--- START ---

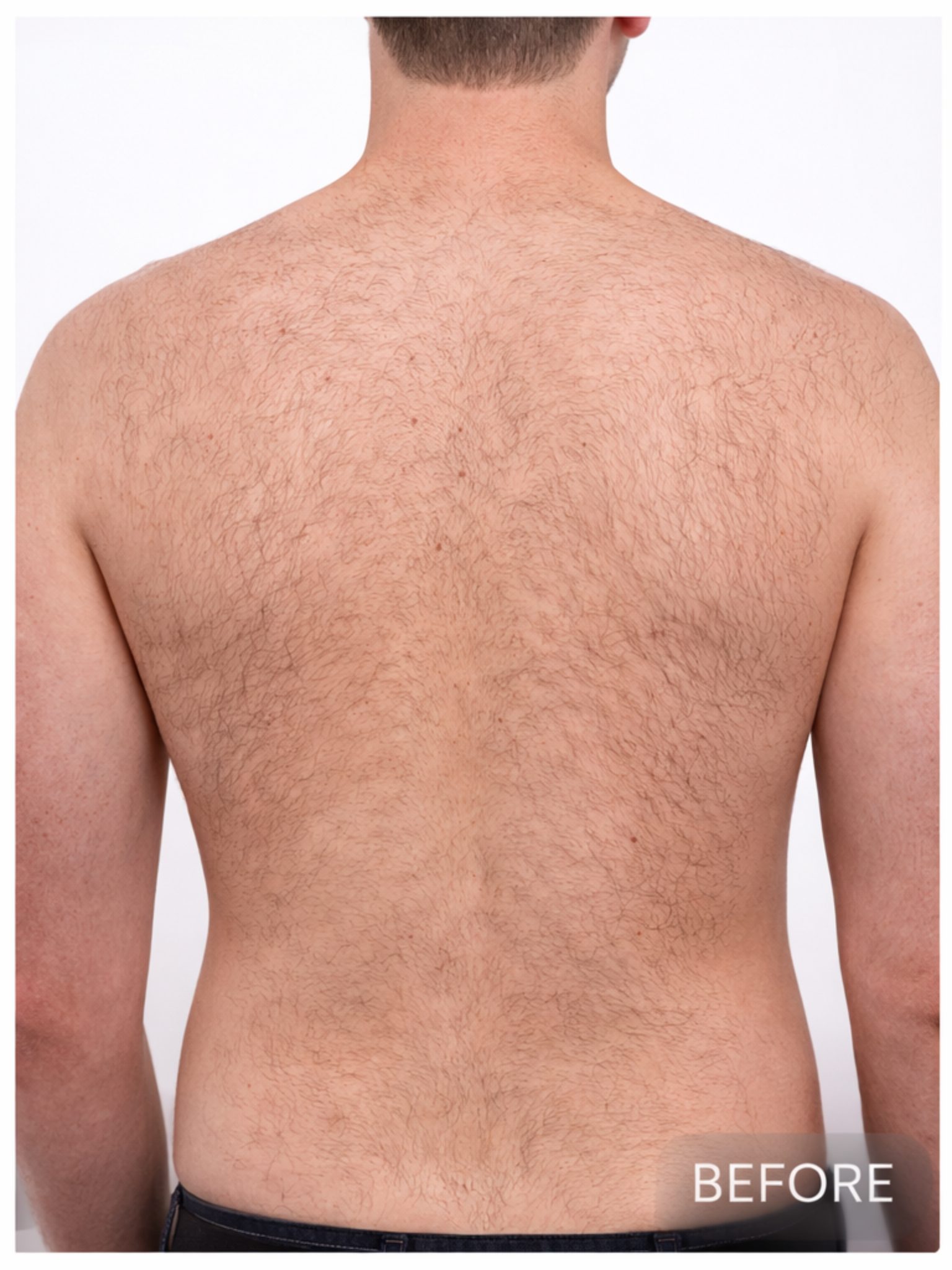 Back laser hair removal before photo on a light skin male back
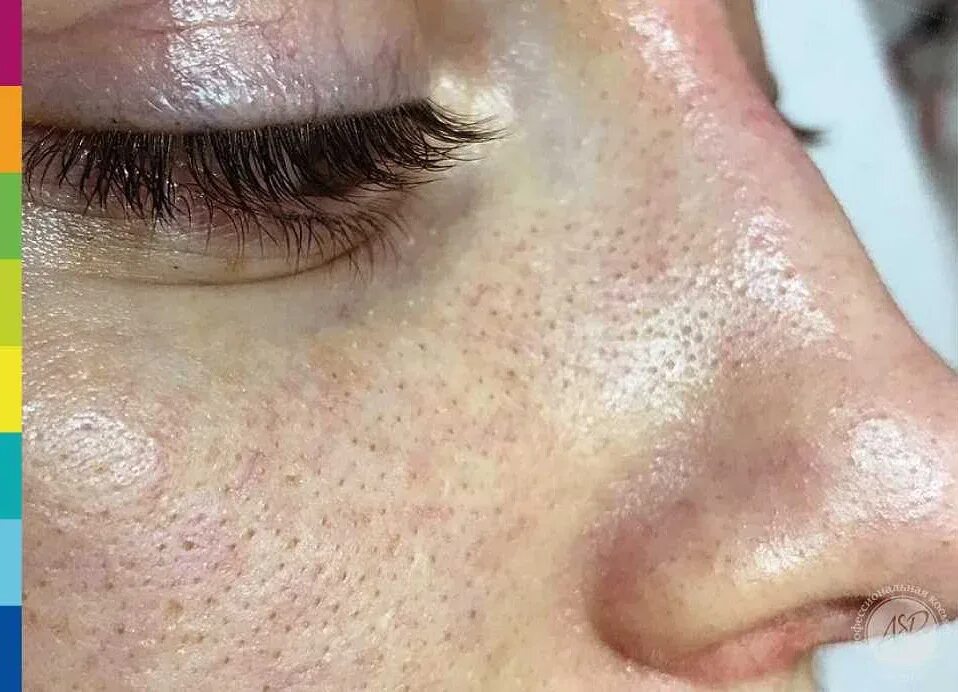 Как избавиться от белых на лице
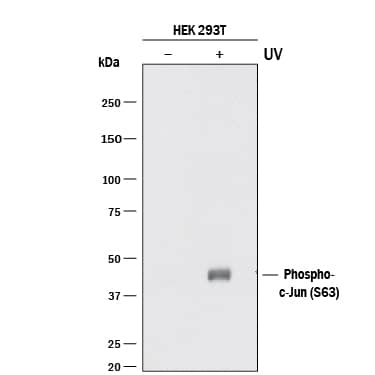 Western blot shows lysates of HEK293T human embryonic kidney cell line untreated (-) or treated (+) with 20 mJ/cm2ultraviolet light (UV) with a 30 minute recovery. PVDF membrane was probed with 0.5 µg/mL of Rabbit Anti-Human Phospho-c-Jun (S63) Monoclonal Antibody (Catalog # MAB8930) followed by HRP-conjugated Anti-Rabbit IgG Secondary Antibody (Catalog # HAF008). A specific band was detected for Phospho-c-Jun (S63) at approximately 45 kDa (as indicated). This experiment was conducted under reducing conditions and using Immunoblot Buffer Group 1.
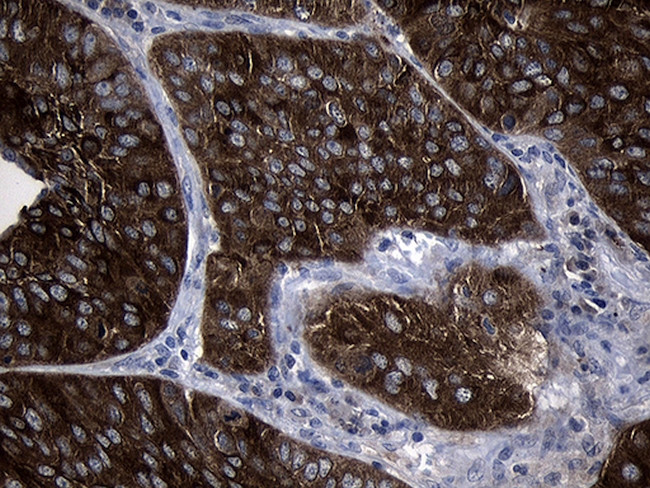 SIRT1 Antibody in Immunohistochemistry (Paraffin) (IHC (P))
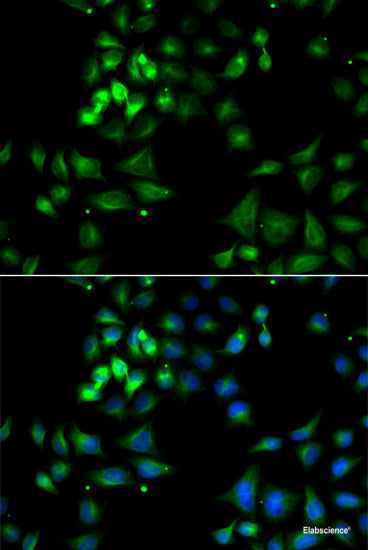 Immunohistochemistry of paraffin-embedded Mouse lung using CBX5 Polyclonal Antibody at dilution of 1:100 (40x lens).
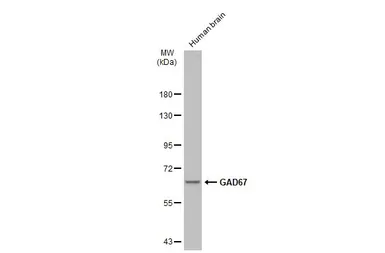 Anti-GAD67 antibody used in Western Blot (WB). GTX101881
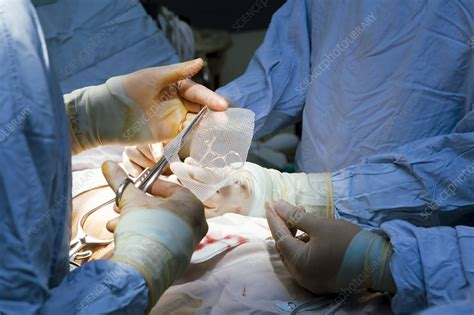 Hernia Operation Stock Image C004 4023 Science Photo Library
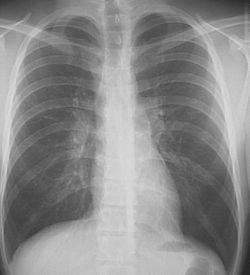 imagine cu cancerul pulmonar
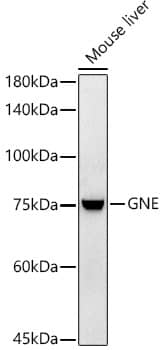 Western Blot: N-Acetylmannosamine Kinase/GNE Antibody (5T9K10) [NBP3-33260] - Western blot analysis of lysates from Mouse liver, using N-Acetylmannosamine Kinase/GNE Rabbit mAb at 1:1000 dilution.Secondary antibody: HRP-conjugated Goat anti-Rabbit IgG (H+L) at 1:10000 dilution.Lysates/proteins: 25ug per lane.Blocking buffer: 3% nonfat dry milk in TBST.Detection: ECL Enhanced Kit.Exposure time: 60s.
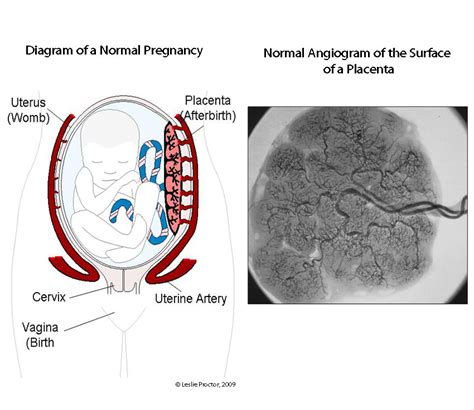 Normal Placenta Panel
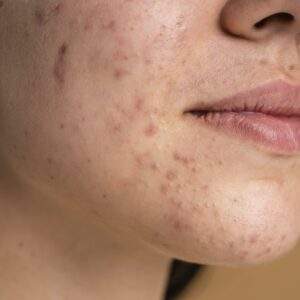 young woman with acne close up.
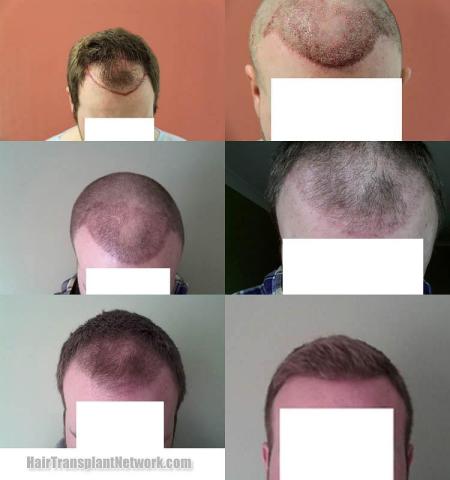 Hair restoration procedure before and after results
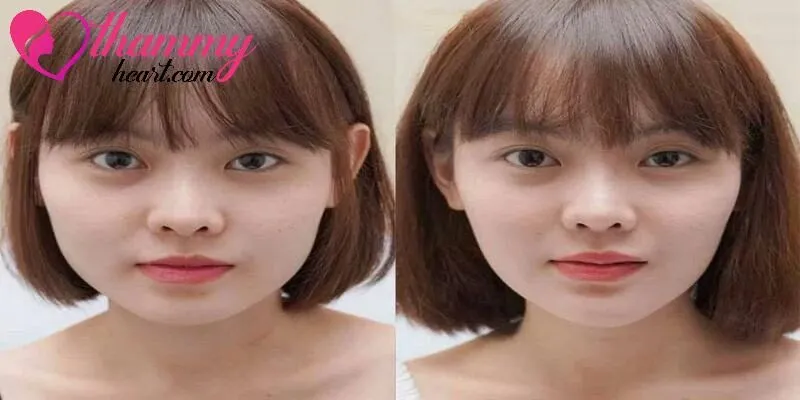 Hình ảnh trước và sau khi tiêm filler thu gọn cằm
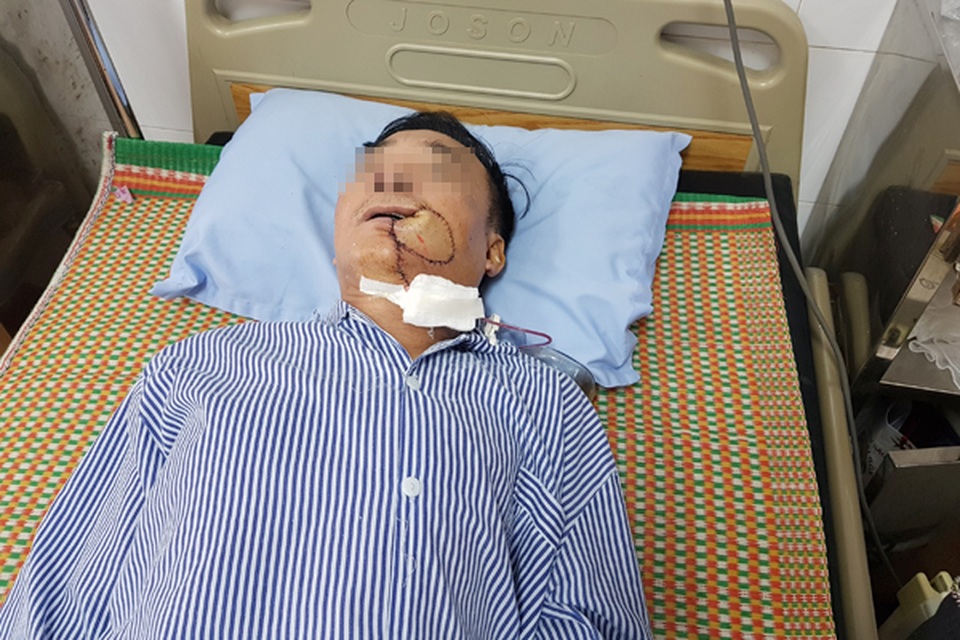Tưởng bị nhiệt miệng, người đàn ông Hà Nội phải cắt 1 góc má vì ung thư - 2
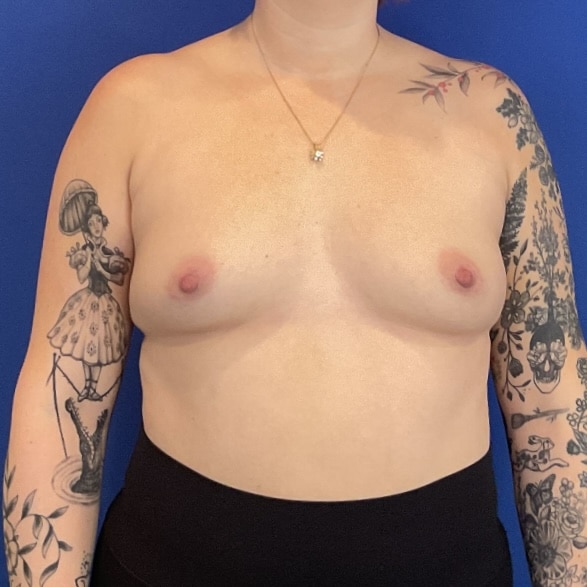 Before Image: Patient Case #7040 - front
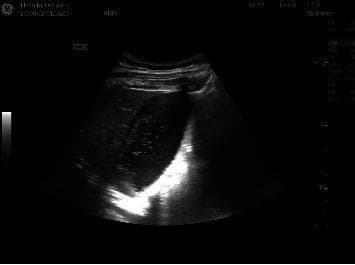 This abdominal diagnostic ultrasound image focuses on the right upper quadrant, specifically visualizing the gallbladder and liver parenchyma. The gallbladder is prominently distended with anechoic contents. Notably, the ultrasound lacks classic diagnostic signs of acute cholecystitis, such as gallbladder wall thickening (greater than 3mm), pericholecystic fluid, or the presence of intraluminal gallstones. In the perihepatic space, there is a small, localized collection of hypoechoic fluid, described as a minimal perihepatic fluid pocket. The adjacent hepatic tissue appears relatively homogenous. This image is clinically relevant for teaching the differential diagnosis of abdominal pain in obstetric or general surgical patients, where distention may occur in the absence of primary inflammatory cholecystitis. It highlights the importance of distinguishing between simple gallbladder distension and acute cholecystitis during sonographic evaluation.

--- END ---

> _Your goal_
Leave the pictures out. Output, exactly, the lines of the material above starting at the line containing "Western Blot: N-Acetylmannosamine" and ending at the line containing "Normal Placenta Panel".

> _Written reply_
 Western Blot: N-Acetylmannosamine Kinase/GNE Antibody (5T9K10) [NBP3-33260] - Western blot analysis of lysates from Mouse liver, using N-Acetylmannosamine Kinase/GNE Rabbit mAb at 1:1000 dilution.Secondary antibody: HRP-conjugated Goat anti-Rabbit IgG (H+L) at 1:10000 dilution.Lysates/proteins: 25ug per lane.Blocking buffer: 3% nonfat dry milk in TBST.Detection: ECL Enhanced Kit.Exposure time: 60s.
 Normal Placenta Panel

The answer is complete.